Work to be completed
Below are records to be repeated in full. Give them exactly.

Entries provided
Segment Open

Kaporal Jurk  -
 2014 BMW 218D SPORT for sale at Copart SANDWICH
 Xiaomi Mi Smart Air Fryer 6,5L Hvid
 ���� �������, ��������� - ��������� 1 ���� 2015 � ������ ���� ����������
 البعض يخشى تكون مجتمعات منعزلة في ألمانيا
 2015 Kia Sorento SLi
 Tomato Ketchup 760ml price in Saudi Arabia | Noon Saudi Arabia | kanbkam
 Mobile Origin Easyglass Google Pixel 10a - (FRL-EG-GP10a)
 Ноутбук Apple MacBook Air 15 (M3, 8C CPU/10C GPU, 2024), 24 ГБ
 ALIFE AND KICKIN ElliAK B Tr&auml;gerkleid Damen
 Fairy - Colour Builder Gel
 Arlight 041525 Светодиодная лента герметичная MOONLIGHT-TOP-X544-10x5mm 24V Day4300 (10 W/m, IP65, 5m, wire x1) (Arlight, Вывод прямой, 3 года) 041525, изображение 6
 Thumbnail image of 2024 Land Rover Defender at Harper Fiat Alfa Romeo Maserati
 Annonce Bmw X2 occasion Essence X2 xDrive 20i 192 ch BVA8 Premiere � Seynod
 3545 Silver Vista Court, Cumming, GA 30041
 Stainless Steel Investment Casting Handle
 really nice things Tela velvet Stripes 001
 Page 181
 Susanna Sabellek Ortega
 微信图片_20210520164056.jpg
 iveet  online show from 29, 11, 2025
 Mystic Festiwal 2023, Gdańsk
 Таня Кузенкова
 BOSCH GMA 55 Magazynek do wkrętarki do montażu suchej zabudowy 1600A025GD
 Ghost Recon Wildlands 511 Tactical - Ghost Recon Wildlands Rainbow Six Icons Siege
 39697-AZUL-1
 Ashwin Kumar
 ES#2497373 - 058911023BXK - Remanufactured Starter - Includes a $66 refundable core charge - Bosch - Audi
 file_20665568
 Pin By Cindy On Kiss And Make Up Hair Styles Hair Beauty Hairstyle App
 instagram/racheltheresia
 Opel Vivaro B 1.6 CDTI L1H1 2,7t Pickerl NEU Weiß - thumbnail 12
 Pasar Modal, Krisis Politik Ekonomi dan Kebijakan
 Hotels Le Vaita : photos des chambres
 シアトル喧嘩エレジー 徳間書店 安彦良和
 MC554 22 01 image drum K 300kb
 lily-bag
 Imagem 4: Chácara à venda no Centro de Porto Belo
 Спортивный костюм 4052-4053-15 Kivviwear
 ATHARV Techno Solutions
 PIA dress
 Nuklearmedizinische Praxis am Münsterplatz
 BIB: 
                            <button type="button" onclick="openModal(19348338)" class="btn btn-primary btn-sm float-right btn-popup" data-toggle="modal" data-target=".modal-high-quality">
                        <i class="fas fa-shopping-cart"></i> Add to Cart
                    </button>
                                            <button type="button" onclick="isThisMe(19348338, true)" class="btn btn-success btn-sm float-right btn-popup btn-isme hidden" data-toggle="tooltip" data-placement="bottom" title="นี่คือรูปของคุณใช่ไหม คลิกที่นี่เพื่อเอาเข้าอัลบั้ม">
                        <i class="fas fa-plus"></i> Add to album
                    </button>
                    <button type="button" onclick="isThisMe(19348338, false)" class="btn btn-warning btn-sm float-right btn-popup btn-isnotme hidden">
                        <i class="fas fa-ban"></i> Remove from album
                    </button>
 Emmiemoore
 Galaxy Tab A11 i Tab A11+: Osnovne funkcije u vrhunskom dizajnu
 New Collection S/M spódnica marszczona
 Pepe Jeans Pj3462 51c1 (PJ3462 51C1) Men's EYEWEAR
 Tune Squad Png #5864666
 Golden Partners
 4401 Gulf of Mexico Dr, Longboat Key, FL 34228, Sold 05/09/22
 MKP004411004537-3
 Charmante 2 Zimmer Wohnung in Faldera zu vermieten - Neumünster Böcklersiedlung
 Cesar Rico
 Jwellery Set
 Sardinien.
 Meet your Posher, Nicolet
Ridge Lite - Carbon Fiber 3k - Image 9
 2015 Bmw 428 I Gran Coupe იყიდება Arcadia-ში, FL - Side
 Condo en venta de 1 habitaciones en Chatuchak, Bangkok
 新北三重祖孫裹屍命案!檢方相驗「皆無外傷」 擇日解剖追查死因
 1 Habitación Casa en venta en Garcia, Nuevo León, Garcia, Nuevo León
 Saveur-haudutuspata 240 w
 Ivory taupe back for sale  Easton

Segment Closed

Final answer
Kaporal Jurk  -
 2014 BMW 218D SPORT for sale at Copart SANDWICH
 Xiaomi Mi Smart Air Fryer 6,5L Hvid
 ���� �������, ��������� - ��������� 1 ���� 2015 � ������ ���� ����������
 البعض يخشى تكون مجتمعات منعزلة في ألمانيا
 2015 Kia Sorento SLi
 Tomato Ketchup 760ml price in Saudi Arabia | Noon Saudi Arabia | kanbkam
 Mobile Origin Easyglass Google Pixel 10a - (FRL-EG-GP10a)
 Ноутбук Apple MacBook Air 15 (M3, 8C CPU/10C GPU, 2024), 24 ГБ
 ALIFE AND KICKIN ElliAK B Tr&auml;gerkleid Damen
 Fairy - Colour Builder Gel
 Arlight 041525 Светодиодная лента герметичная MOONLIGHT-TOP-X544-10x5mm 24V Day4300 (10 W/m, IP65, 5m, wire x1) (Arlight, Вывод прямой, 3 года) 041525, изображение 6
 Thumbnail image of 2024 Land Rover Defender at Harper Fiat Alfa Romeo Maserati
 Annonce Bmw X2 occasion Essence X2 xDrive 20i 192 ch BVA8 Premiere � Seynod
 3545 Silver Vista Court, Cumming, GA 30041
 Stainless Steel Investment Casting Handle
 really nice things Tela velvet Stripes 001
 Page 181
 Susanna Sabellek Ortega
 微信图片_20210520164056.jpg
 iveet  online show from 29, 11, 2025
 Mystic Festiwal 2023, Gdańsk
 Таня Кузенкова
 BOSCH GMA 55 Magazynek do wkrętarki do montażu suchej zabudowy 1600A025GD
 Ghost Recon Wildlands 511 Tactical - Ghost Recon Wildlands Rainbow Six Icons Siege
 39697-AZUL-1
 Ashwin Kumar
 ES#2497373 - 058911023BXK - Remanufactured Starter - Includes a $66 refundable core charge - Bosch - Audi
 file_20665568
 Pin By Cindy On Kiss And Make Up Hair Styles Hair Beauty Hairstyle App
 instagram/racheltheresia
 Opel Vivaro B 1.6 CDTI L1H1 2,7t Pickerl NEU Weiß - thumbnail 12
 Pasar Modal, Krisis Politik Ekonomi dan Kebijakan
 Hotels Le Vaita : photos des chambres
 シアトル喧嘩エレジー 徳間書店 安彦良和
 MC554 22 01 image drum K 300kb
 lily-bag
 Imagem 4: Chácara à venda no Centro de Porto Belo
 Спортивный костюм 4052-4053-15 Kivviwear
 ATHARV Techno Solutions
 PIA dress
 Nuklearmedizinische Praxis am Münsterplatz
 BIB: 
                            <button type="button" onclick="openModal(19348338)" class="btn btn-primary btn-sm float-right btn-popup" data-toggle="modal" data-target=".modal-high-quality">
                        <i class="fas fa-shopping-cart"></i> Add to Cart
                    </button>
                                            <button type="button" onclick="isThisMe(19348338, true)" class="btn btn-success btn-sm float-right btn-popup btn-isme hidden" data-toggle="tooltip" data-placement="bottom" title="นี่คือรูปของคุณใช่ไหม คลิกที่นี่เพื่อเอาเข้าอัลบั้ม">
                        <i class="fas fa-plus"></i> Add to album
                    </button>
                    <button type="button" onclick="isThisMe(19348338, false)" class="btn btn-warning btn-sm float-right btn-popup btn-isnotme hidden">
                        <i class="fas fa-ban"></i> Remove from album
                    </button>
 Emmiemoore
 Galaxy Tab A11 i Tab A11+: Osnovne funkcije u vrhunskom dizajnu
 New Collection S/M spódnica marszczona
 Pepe Jeans Pj3462 51c1 (PJ3462 51C1) Men's EYEWEAR
 Tune Squad Png #5864666
 Golden Partners
 4401 Gulf of Mexico Dr, Longboat Key, FL 34228, Sold 05/09/22
 MKP004411004537-3
 Charmante 2 Zimmer Wohnung in Faldera zu vermieten - Neumünster Böcklersiedlung
 Cesar Rico
 Jwellery Set
 Sardinien.
 Meet your Posher, Nicolet
Ridge Lite - Carbon Fiber 3k - Image 9
 2015 Bmw 428 I Gran Coupe იყიდება Arcadia-ში, FL - Side
 Condo en venta de 1 habitaciones en Chatuchak, Bangkok
 新北三重祖孫裹屍命案!檢方相驗「皆無外傷」 擇日解剖追查死因
 1 Habitación Casa en venta en Garcia, Nuevo León, Garcia, Nuevo León
 Saveur-haudutuspata 240 w
 Ivory taupe back for sale  Easton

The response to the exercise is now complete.